Can sıkıcı bir süreç tabii... Çok kötü yönetilen bir süreç... Ben de kendimi ister istemez korumaya aldım. Aslında verimli geçiyor benim açımdan. Zaten evcimen bir yapım var. Uzun yıllar kapalı ortamlarda kalmanın avantajı olsa gerek, kendimi verimli kılabilecek şeyler yaratabiliyorum. Bütün zamanımı yeni yazmaya başladığım romanım alıyor. Onun dışında okuma çalışmaları, arada sinema filmleri derken günler akıp gidiyor.

Sizin de belirttiğiniz gibi 'İyi' adını verdiğiniz kitabınız kısa bir süre önce yayınlandı. Bu kitabı elimize aldığımızda nasıl şiirler bizi karşılıyor?
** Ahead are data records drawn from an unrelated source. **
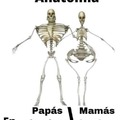 Anatomia pixar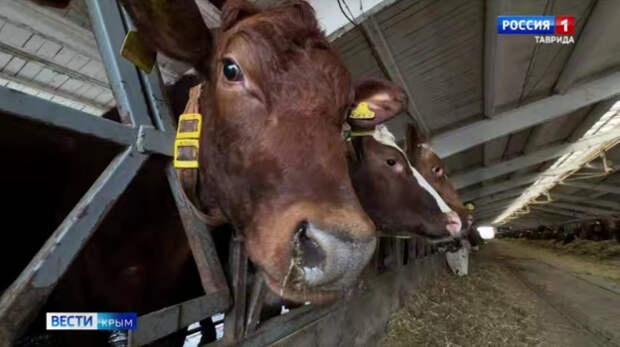 Крымские ветеринары проводят исследования крови у крупного рогатого скота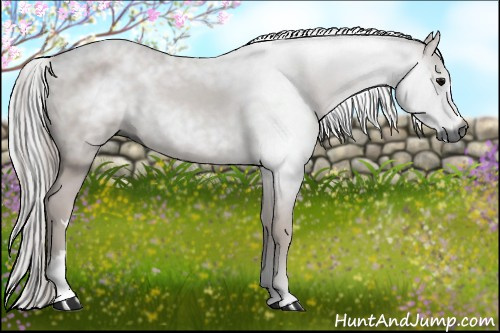 Horse Color:Gray Black 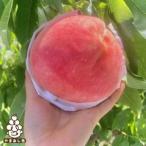 ふるさと納税 2025年発送【旬の桃 約2kg 5〜7玉】 坂の上の桃 デカくて甘くて硬い! 食べ応え抜群!【配送不可地域:離島】【1264617】 山梨県山梨市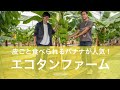 【皮ごと食べられるバナナ！】注目の循環型農園「エコタンファーム」Interview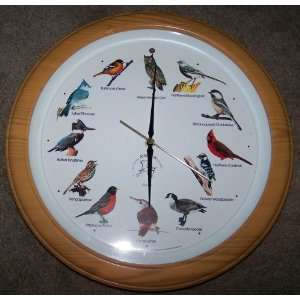  Singing Wild Bird Clock: Home & Kitchen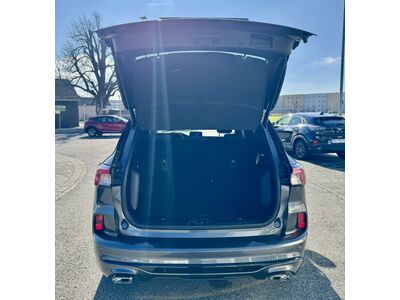 Ford Kuga Gebrauchtwagen Ford Kuga Gebrauchtwagen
Şiirlerimin iki damarı var sanırım. Birincisi yaşama, insan hallerine, kendine bakan bireysel denebilecek şiirler. Bu şiirlerde yaşam kırıkları, sisteme karşı dik durmaya çalışırken hüzünlerini, acılarını, yaşam sorgulamalarını imgelerin diliyle şiire taşıyan bir tematik yaklaşım var. Diğeri, daha toplumcu damarda yol alan şiirler. Bu kitapta da bu ikili çizgiyi sürdürüyorum aslında. İyi kitabının şöyle bir farkı var; Çözülüş Demleri ve Yanlış Kuşlar İskelesi'nde şiirde içbükey yaklaşım daha belirginken, Eksik Canlar Sokağı ile birlikte şiirim kendi özneliğini unutmadan hayata ve toplumsal görüngülere açıldı. İyi'de ise bu çizgi daha belirgin hale geldi.
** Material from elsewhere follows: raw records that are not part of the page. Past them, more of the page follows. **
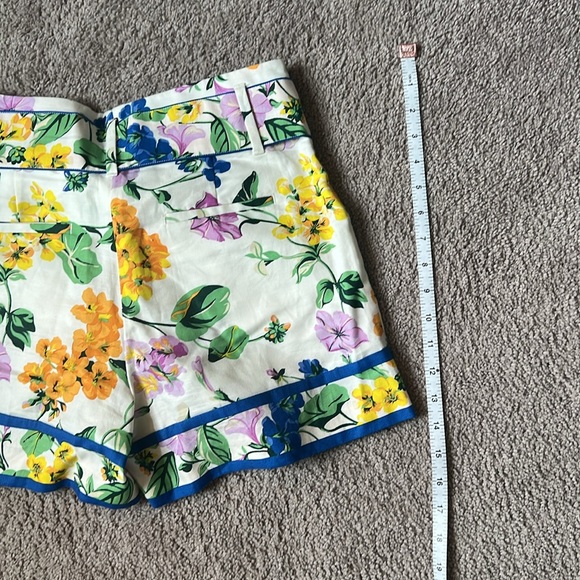 Ann Taylor shorts, petite OP - Picture 6 of 6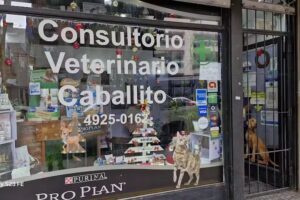 Consultorio Veterinario Caballito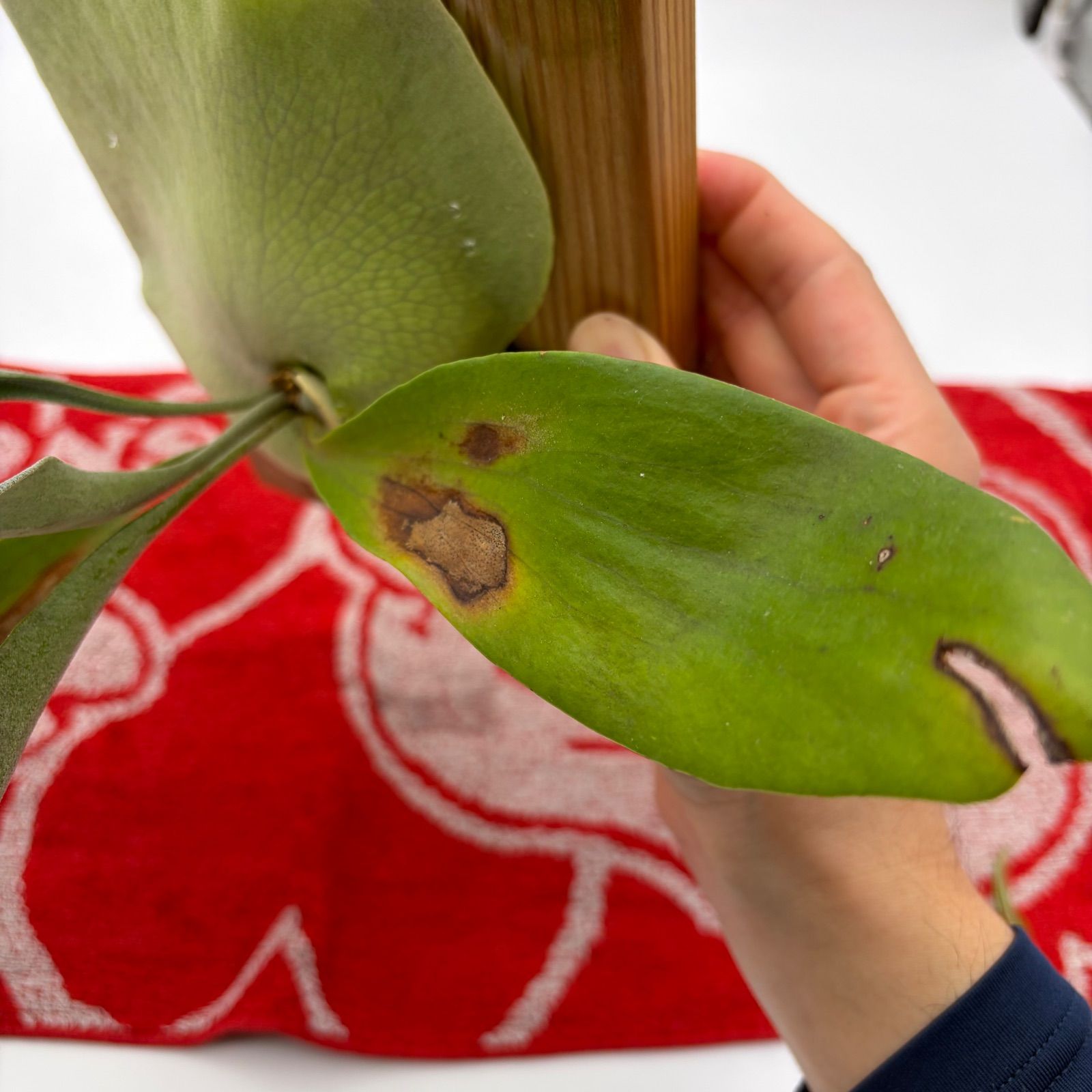 ビカクシダ コウモリラン 板付 熱帯植物 観葉植物 - メルカリ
Bugüne kadar hangi gazete ve dergilerde eserleriniz yayınlandı. Aldığınız ödüllerden ve başarılarınızdan söz eder misiniz?
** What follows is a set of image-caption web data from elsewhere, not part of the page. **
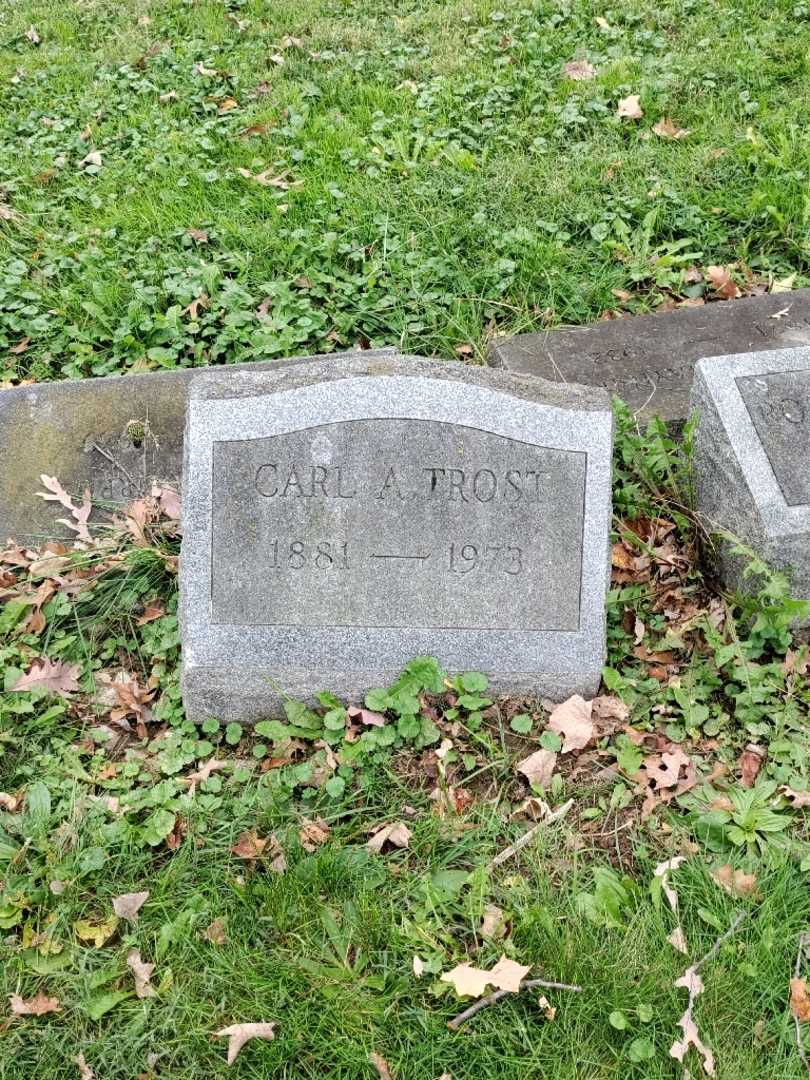 Carl A. Trost's grave. Photo 2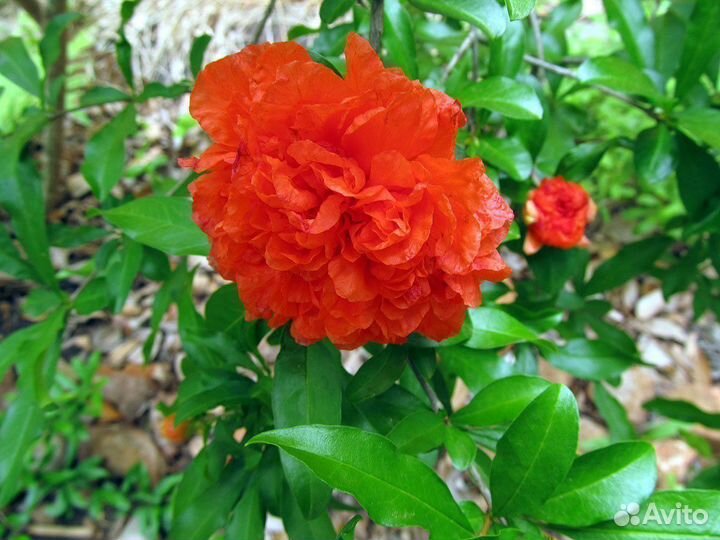 Гранат махровый декоративный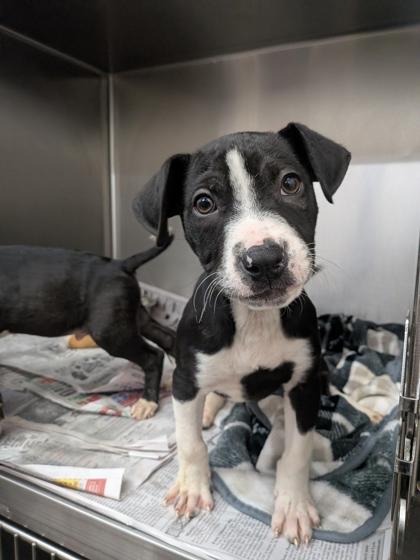 Jim, Adoptable, Puppy Male Mixed Breed & Mixed Breed.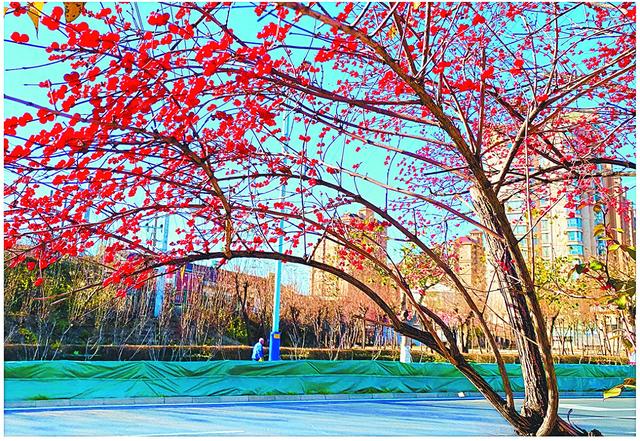 红果盈枝 禽影纷驰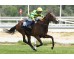  Carrera: G.P Beamonte Oaks Caballo: Sweet Caroline Monta: S.de Sousa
Pek çok gazete, dergi ve seçkilerde deneme, şiir, öykü, felsefi ve siyasi yazılarım, söyleşilerim yayınlandı. Cumhuriyet Kitap, Radikal Kitap, Evrensel Gazetesi, Gazete Duvar, Artıgerçek, Berfin Bahar, Simurg, Şiir Ülkesi, Sincan İstasyonu, Eski Edebiyat, Akatalpa, Yeni E, Sarmal Çevrim, Mavi... İsmini sayamadıklarım bağışlasınlar. Çok var. Şiir üzerinden bir hiyerarşi ve iktidar kurulması bana göre şeyler değil. Bu yüzden şiir yarışmalarına da katılmıyorum yıllardır. 2002 yılında ilk şiirlerime şimdi Cemal Süreya Şiir Ödülü olarak süren Hatay Şiir Yarışması'nda ödül de vermişlerdi. Sonra kendi dizelerimi, başka şairlerin dizeleriyle yarıştırmak saçma geldi bana. Ne jüri ne de katılımcı olarak katılmıyorum şiir yarışmalarına. Bunun nedeni, belirttiğim gibi sadece yarışmaların güvenilirliğini yitirmesi değil. Ontolojik bir reddiye benimkisi...

Ufukta yeni bir kitap gözüküyor mu?

Yeni bir roman çalışması içindeyim. 1990'lı yılların siyasi süreçleriyle, o dönemin travmasıyla hesap kaçırmadan bir yüzleşme romanı. Aslında bir kayıp kuşak hikâyesi... Edebiyatımızda bütünlüklü bir şekilde işlenmedi bizim kuşağın trajedisi. Evdeki hesap çarşıya uyarsa sonbahar gibi görücüye çıkartırız.